** Opening MATERIAL TO PROCESS block **
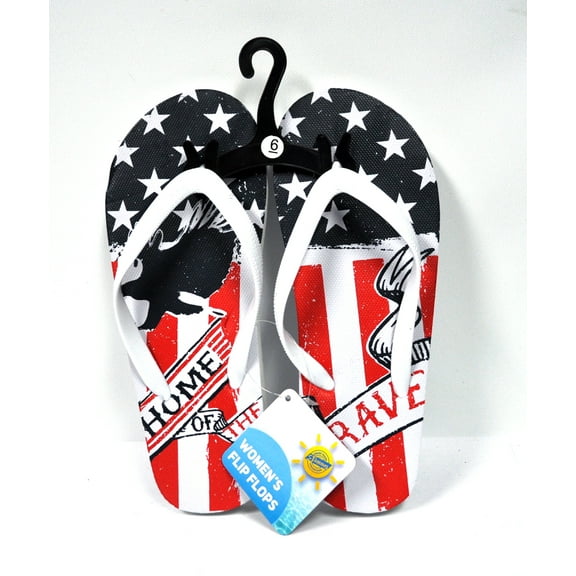 Womens Home of the Brave Flip Flops Size 6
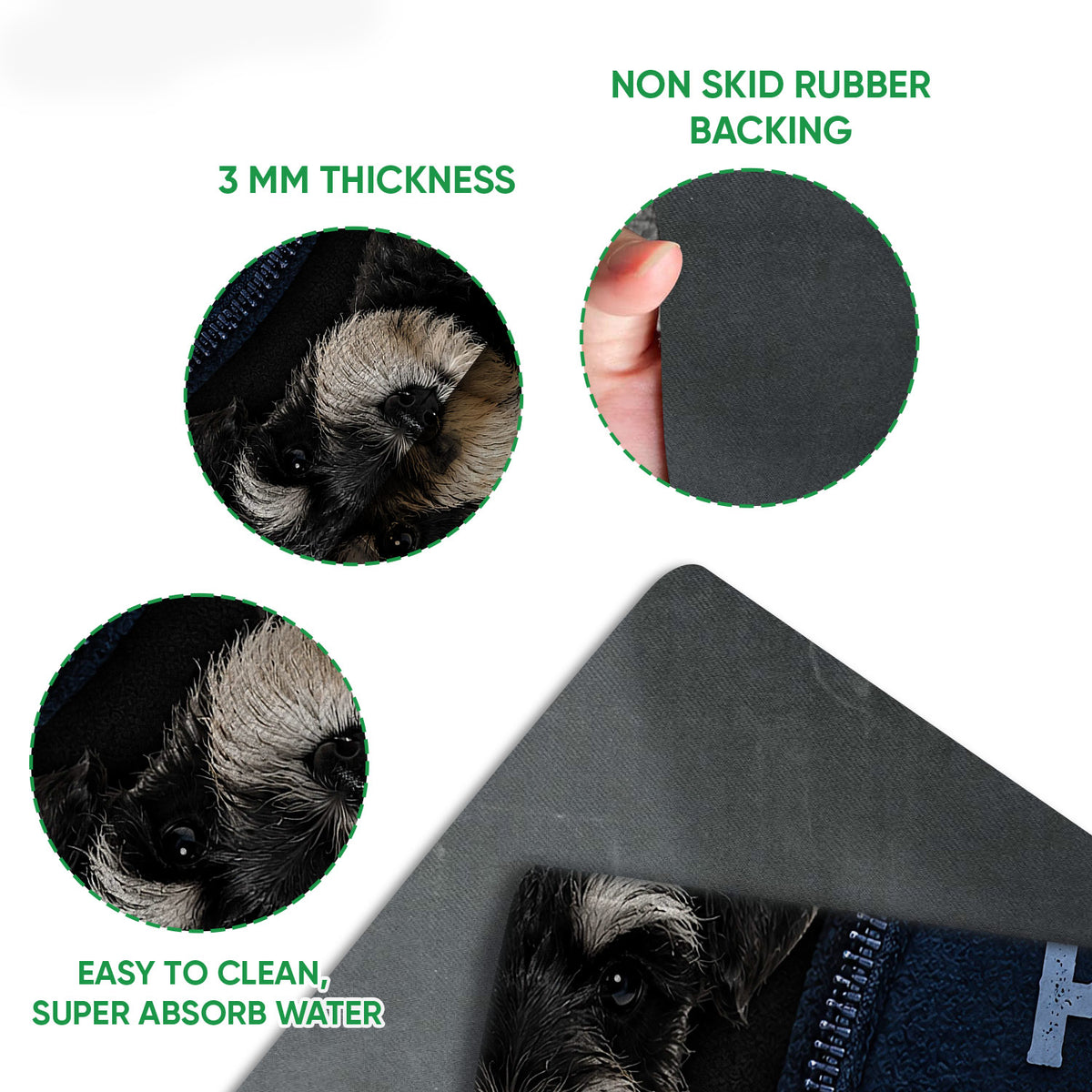Miniature Schnauzer doormat detail showing the printed felt surface and rubber backing feature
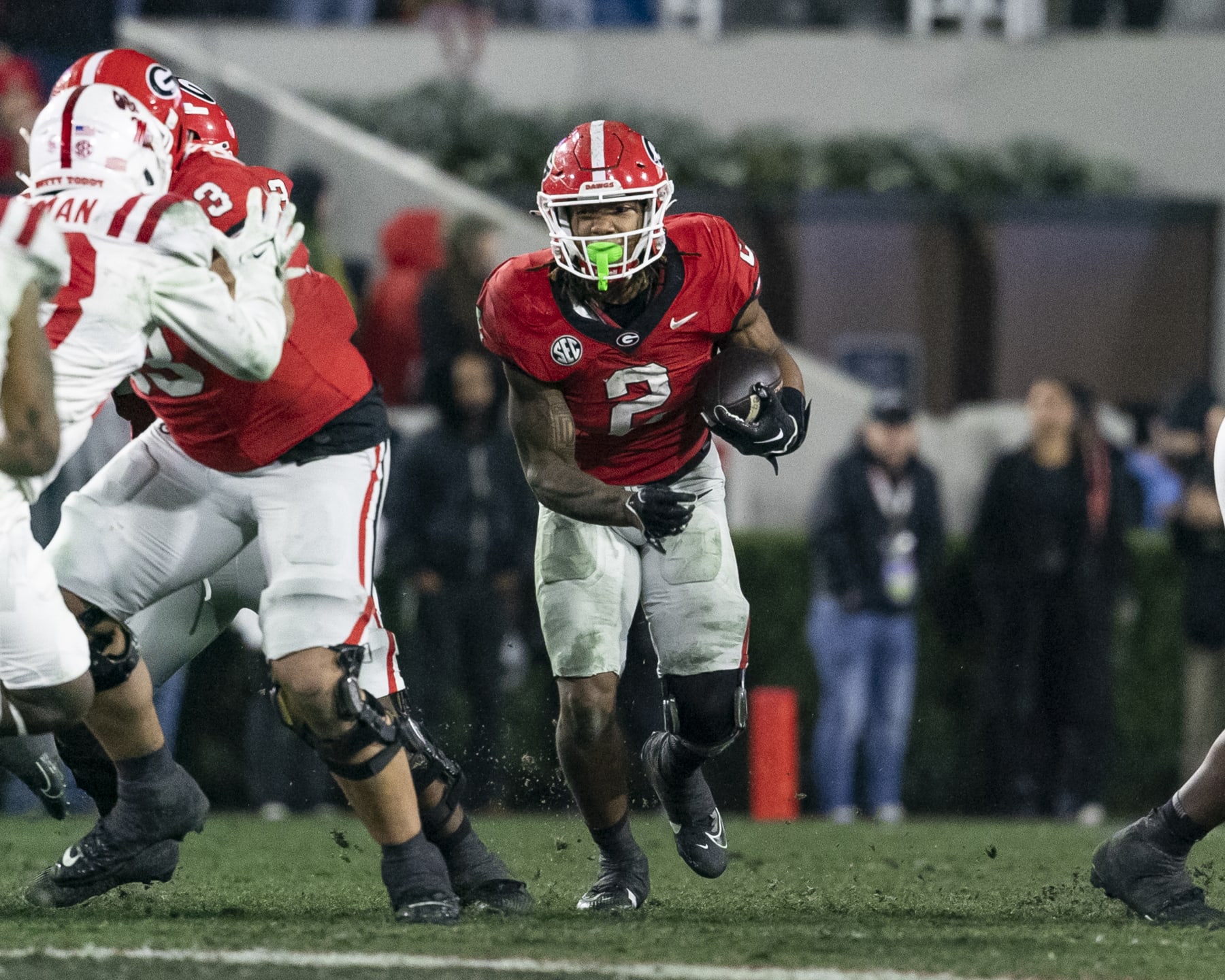 ATHENS, GA - NOVEMBER 11: Kendall Milton #2 of the Georgia Bulldogs runs with the ball during a game between University of Mississippi and University of Georgia at Sanford Stadium on November 11, 2023 in Athens, Georgia. (Photo by Steve Limentani/ISI Photos/Getty Images)
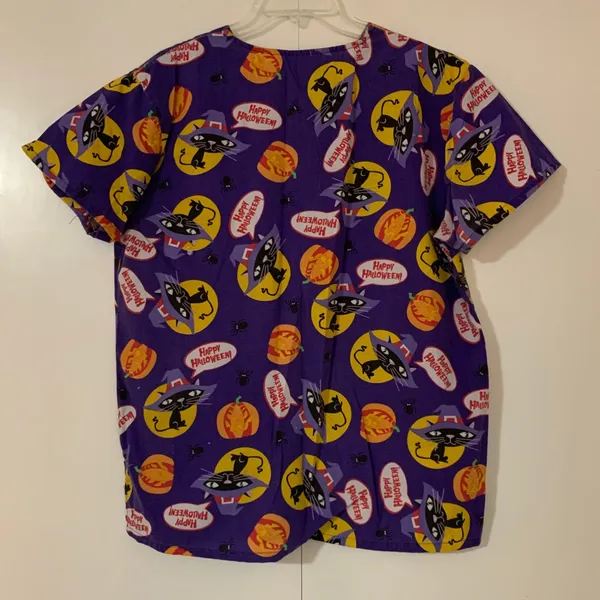 Just Love Halloween Cats Pumpkin Scrub Top 3 Pockets Med/Lrg - Image 7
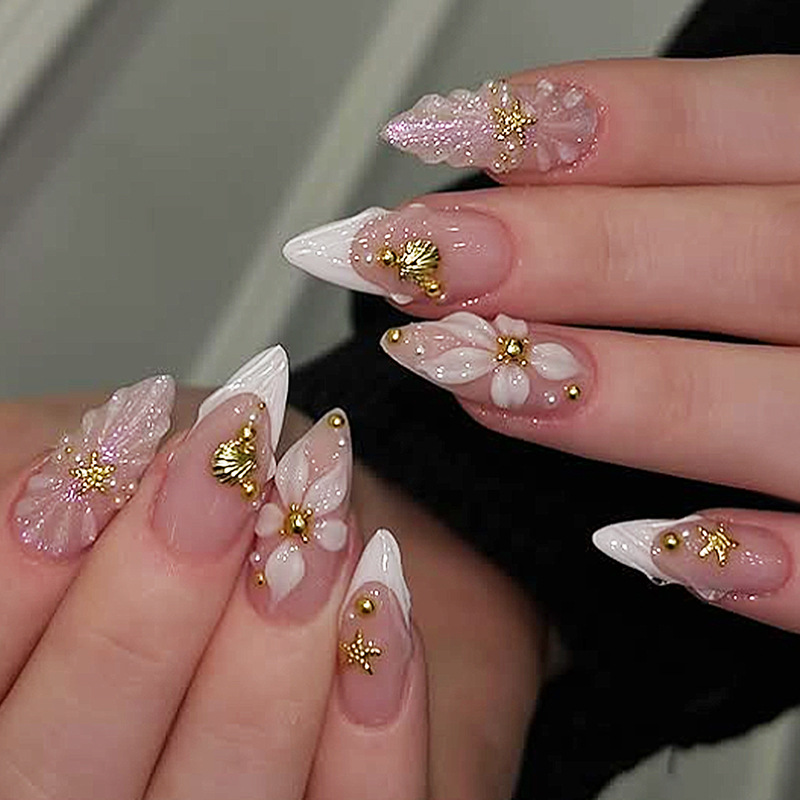 Nail Art Fake - 24枚入り完成品アーモンド型プレスオンネイルアート、再利用可能なスイートフラワーピンクロングフェイクネイルセット、シェルパールデザインのフェイクネイルチップ付き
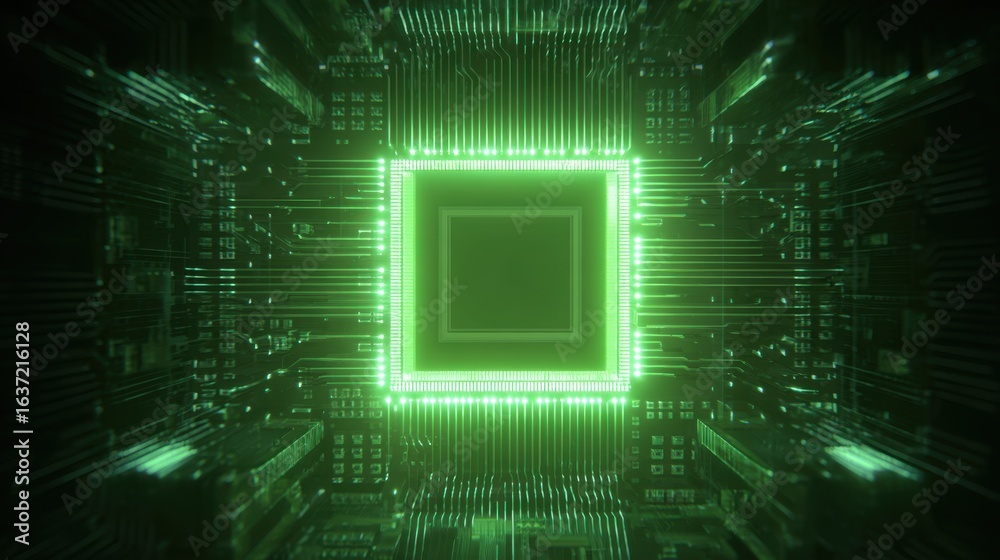 Obraz premium A futuristic microchip surrounded by glowing green circuitry, illustrating advanced technology and digital innovation.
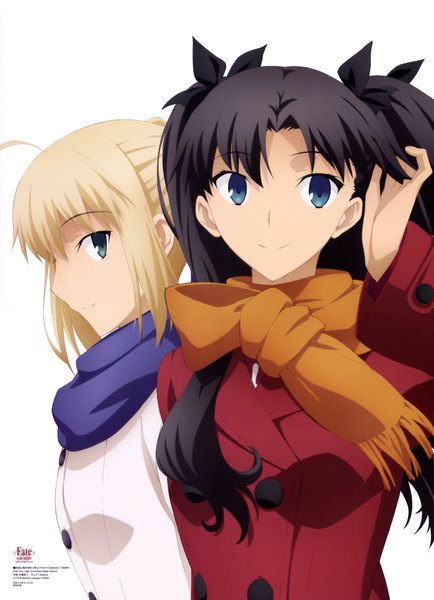 Anime picture 5644x7792 with fate (series) fate/stay night type-moon artoria pendragon (all) saber toosaka rin saitou tetsuhito long hair tall image highres blue eyes black hair blonde hair smile white background multiple girls absurdres official art girl bow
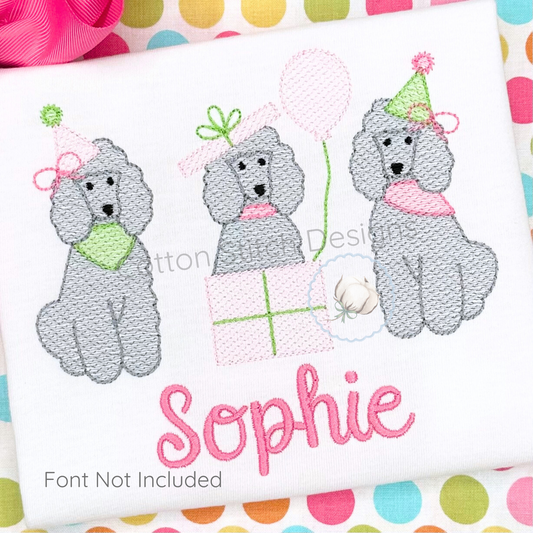 Machine Embroidery design Cotton Stitch Designs Embroidered design of three poodles with decorative elements on a fabric background.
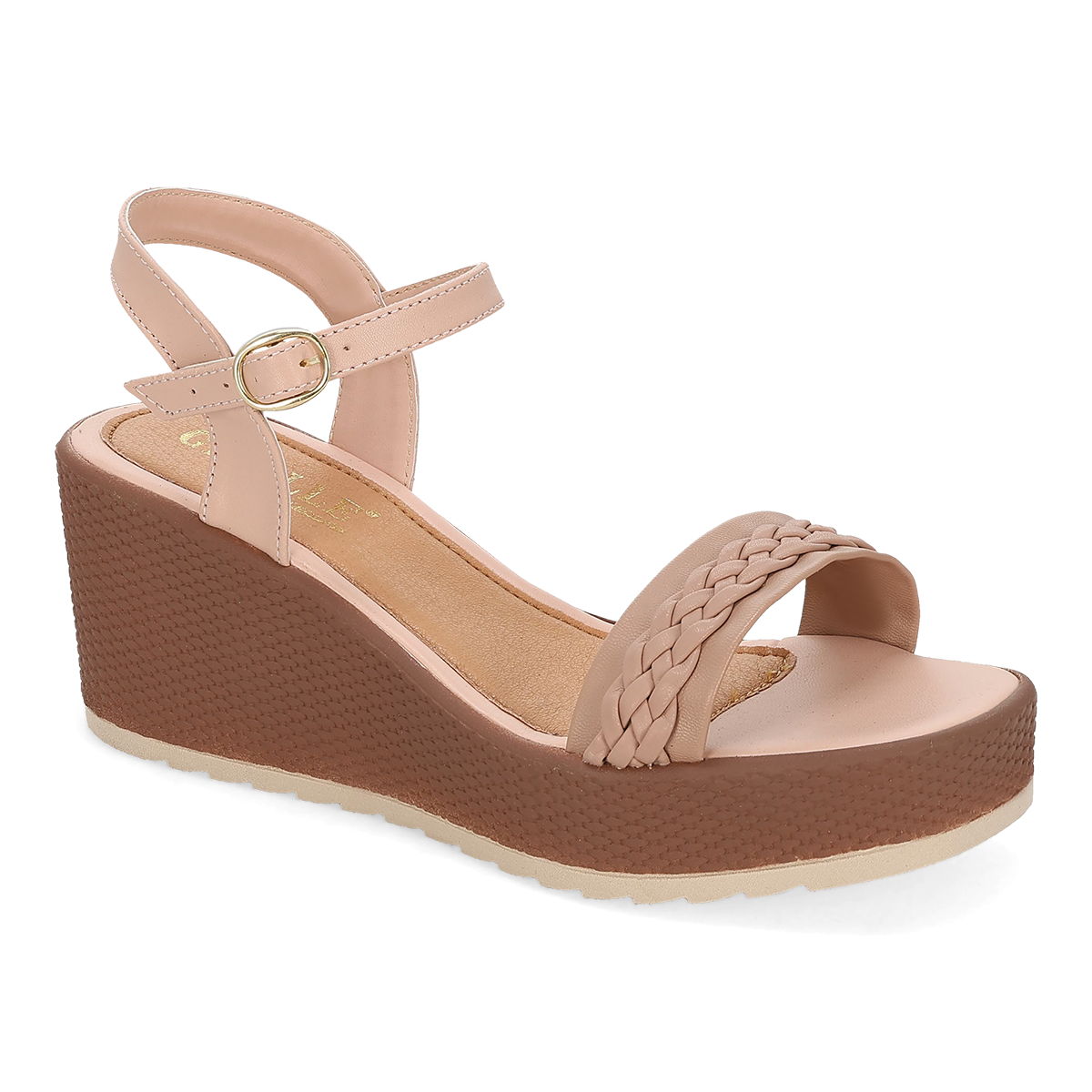 SANDALIA PLATAFORMA MUJER GISELLE COLLECTION 2503 ORO ROSADO-OFERTA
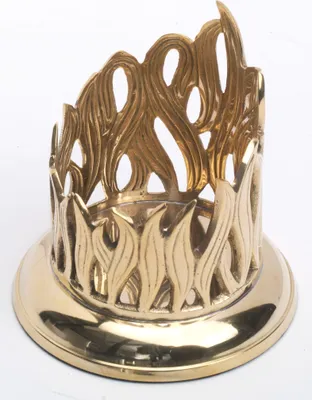 Produktbild von Kerzenleuchter Flammen Design für Ø 7 cm Kerzen, Messing Gold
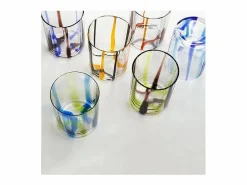 Vaso|Tirache Zafferano Vaso en Vidrio Borosilicato Bicolor -Naranja Caja de 6 Piezas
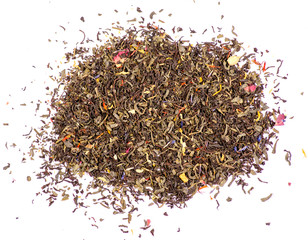 Pile leaf tea with flowers and fruits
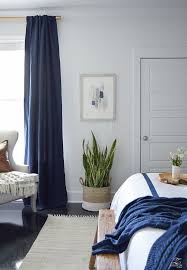 Minted Abstract Art Bedroom Reveal Navy Linen Curtains With Blackout Liner Snake Plant In Basket Luxury Bedding Master Bedroom Bed Linens Luxury Bedroom Drapes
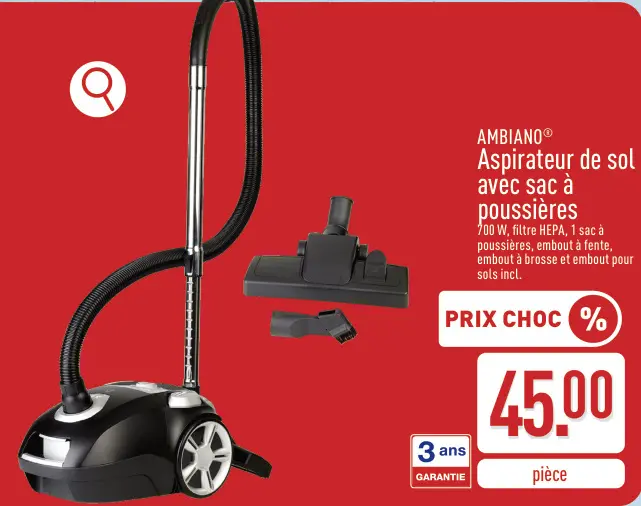Offre: Aspirateur de sol avec sac à poussières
** Closing MATERIAL TO PROCESS block **
WHAT THIS TASK INVOLVES — Only the lines from the one with "SANDALIA PLATAFORMA MUJER" through the last line of the listing belong in your answer; copy them exactly and skip the pictures.

REPLY —
 SANDALIA PLATAFORMA MUJER GISELLE COLLECTION 2503 ORO ROSADO-OFERTA
 Produktbild von Kerzenleuchter Flammen Design für Ø 7 cm Kerzen, Messing Gold
 Vaso|Tirache Zafferano Vaso en Vidrio Borosilicato Bicolor -Naranja Caja de 6 Piezas
 Pile leaf tea with flowers and fruits
 Minted Abstract Art Bedroom Reveal Navy Linen Curtains With Blackout Liner Snake Plant In Basket Luxury Bedding Master Bedroom Bed Linens Luxury Bedroom Drapes
Offre: Aspirateur de sol avec sac à poussières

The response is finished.